The Microlark developed by John Cowan is an open source Microxml parser in the Java™ environment. In this article, we'll use sample code to learn Microlark.
Microxml is a backward-compatible, XML-simplified version and a new specification. In the 1th part of this series, part 1th: Exploring Microxml's http://www.aliyun.com/zixun/aggregation/17687.html, we introduced the basics of Microxml and explained its The difference between XML 1.x and related standards. Microxml was proposed by James Clark, and John Cowan created its first parser Microlark, which led to the development of this specification. Microlark belongs to the open source (Apache 2.0 license) tool, written in the Java language, which implements several parsing modes: Push mode, pull mode, and tree mode.

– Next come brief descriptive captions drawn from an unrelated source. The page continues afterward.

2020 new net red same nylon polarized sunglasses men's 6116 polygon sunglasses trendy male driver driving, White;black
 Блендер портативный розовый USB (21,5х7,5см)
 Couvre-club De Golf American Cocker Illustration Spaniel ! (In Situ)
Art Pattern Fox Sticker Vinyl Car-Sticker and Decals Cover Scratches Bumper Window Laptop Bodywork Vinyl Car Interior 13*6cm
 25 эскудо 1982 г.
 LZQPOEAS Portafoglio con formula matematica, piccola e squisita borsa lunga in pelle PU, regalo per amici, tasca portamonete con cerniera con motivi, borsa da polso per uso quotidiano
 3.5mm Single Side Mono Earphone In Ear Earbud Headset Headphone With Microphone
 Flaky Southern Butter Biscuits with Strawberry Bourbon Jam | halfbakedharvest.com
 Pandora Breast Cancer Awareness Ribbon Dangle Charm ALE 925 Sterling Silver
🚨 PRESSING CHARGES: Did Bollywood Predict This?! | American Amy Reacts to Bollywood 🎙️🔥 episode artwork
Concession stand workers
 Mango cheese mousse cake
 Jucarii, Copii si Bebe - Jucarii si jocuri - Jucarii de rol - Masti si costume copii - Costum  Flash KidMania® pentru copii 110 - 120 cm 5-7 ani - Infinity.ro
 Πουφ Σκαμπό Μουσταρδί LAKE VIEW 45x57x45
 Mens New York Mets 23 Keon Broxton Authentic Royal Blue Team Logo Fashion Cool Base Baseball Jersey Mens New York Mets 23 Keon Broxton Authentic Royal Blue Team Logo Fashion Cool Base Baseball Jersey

In this article, we'll learn to parse the Microxml format. We'll explore all aspects of the Microlark parser API using command line and sample code.
Started
To keep up with the sample progress in this article, you need to download:
Microlark.jar, if you wish, you can also download its source code open source Jython interpreter
First, you can run Microlark on the command line and use a Microxml file as an input file. Listing 1 makes some changes to the simple files used in the basic guidelines for exploring Microxml in part 1th:
Save the sample as Listing1.xml and place it in Microlark using the code shown in Listing 2.
Listing 2. Microlark
Java-jar Microlark.jar listing1.xml
You should see the output shown in Listing 3.
Listing 3. Output results
(Htmlalang en-\n--\n-(head-\n-title-welcome page) title-\n-) head-\n-(body-\n-(P-welcome to AAhref IBM.COM/DEVELOPERWORKS/-IBM developerworks) p-\n-) body-\n) HTML
Does this look slightly different? Listing 3 uses a format called PYX, which is a line-oriented representation of an XML document, originating from the presentation specification of the SGML document. PYX renders all the information in an XML document in a way that minimizes the burden of parsing. This is a very useful tool, but unfortunately, it is often overlooked by XML developers.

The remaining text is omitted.